A **document** contains zero or more attributes, each of these attributes having
a value. A value can either be an atomic type, i. e. number, string, boolean
or null, or a compound type, i.e. an array or embedded document / object.
Arrays and sub-objects can contain all of these types, which means that
arbitrarily nested data structures can be represented in a single document.
Documents are grouped into **collections**. A collection contains zero or more
documents. If you are familiar with relational database management systems (RDBMS)

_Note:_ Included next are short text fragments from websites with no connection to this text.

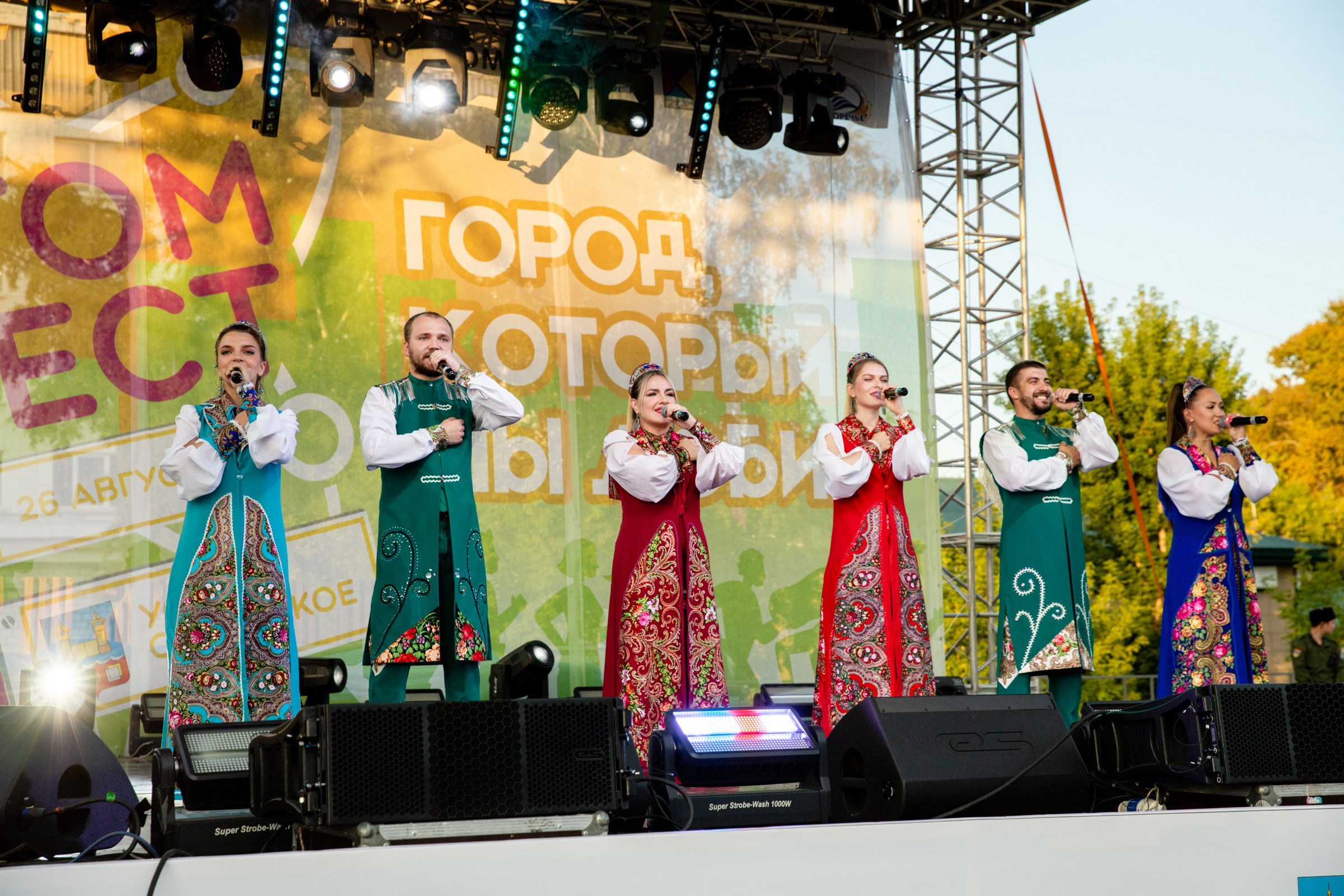 День города Усолье-Сибирское 2023. Фотограф в Иркутске Евгения Айвазова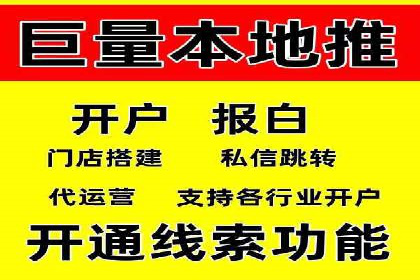 成功案例：如何利用信息流广告提升用户转化率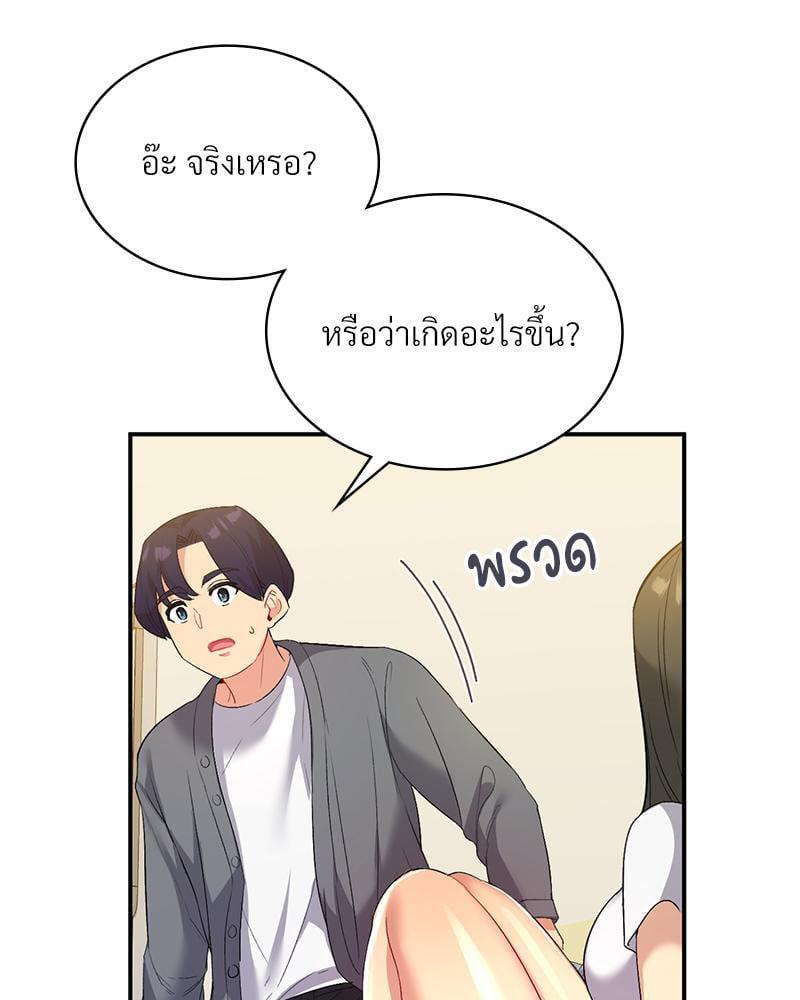 Doujin-Lc- อ่าน โดจิน มังฮวา เกาหลี ญี่ปุ่น จีน แปลไทย Playing On Hard Mode ตอนที่ 1 2 3 4 5 6 7 8 9 10 11 12 13 14 ฟรี ไม่มีโฆษณา อ่าน โดจิน Manhwa เกาหลี ญี่ปุ่น จีน เรามีครบ คัดมาให้เน้นๆ โดจิน 18+ รับประกันความฟินโดย  Doujin Lc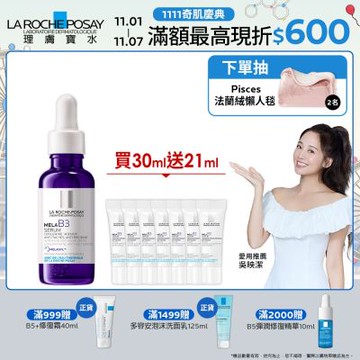 理膚寶水 MELA B3淡斑淨亮精華 30ml 期間限定特談組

then it is safe to compare collections to tables and documents to rows. The
difference is that in a traditional RDBMS, you have to define columns before
you can store records in a table. Such definitions are also known as schemas.
ArangoDB is schema-less, which means that there is no need to define what
attributes a document can have. Every single document can have a completely
different structure and still be stored together with other documents in a
single collection. In practice, there will be common denominators among the
documents in a collection, but the database system itself doesn't force you to
limit yourself to a certain data structure.
There are two types of collections: **document collection** (also refered to as
*vertex collections* in the context of graphs) as well as **edge collections**.
Edge collections store documents as well, but they include two special attributes,
*_from* and *_to*, which are used to create relations between documents.
Usually, two documents (**vertices**) stored in document collections are linked
by a document (**edge**) stored in an edge collection. This is ArangoDB's graph
data model. It follows the mathematical concept of a directed, labeled graph,
except that edges don't just have labels, but are full-blown documents.
Collections exist inside of **databases**. There can be one or many databases.
Different databases are usually used for multi tenant setups, as the data inside
them (collections, documents etc.) is isolated from one another. The default
database *_system* is special, because it cannot be removed. Database users
are managed in this database, and their credentials are valid for all databases
of a server instance.
Data Retrieval
--------------
**Queries** are used to filter documents based on certain criteria, to compute
new data, as well as to manipulate or delete existing documents. Queries can be
as simple as a "query by example" or as complex as ["joins"](../../AQL/Examples/Join.html)
using many collections or traversing graph structures. They are written in
the [ArangoDB Query Language](../../AQL/index.html) (AQL).
**Cursors** are used to iterate over the result of queries, so that you get
easily processable batches instead of one big hunk.
**Indexes** are used to speed up searches. There are various types of indexes,
such as [hash indexes](../Indexing/Hash.md) and [geo indexes](../Indexing/Geo.md).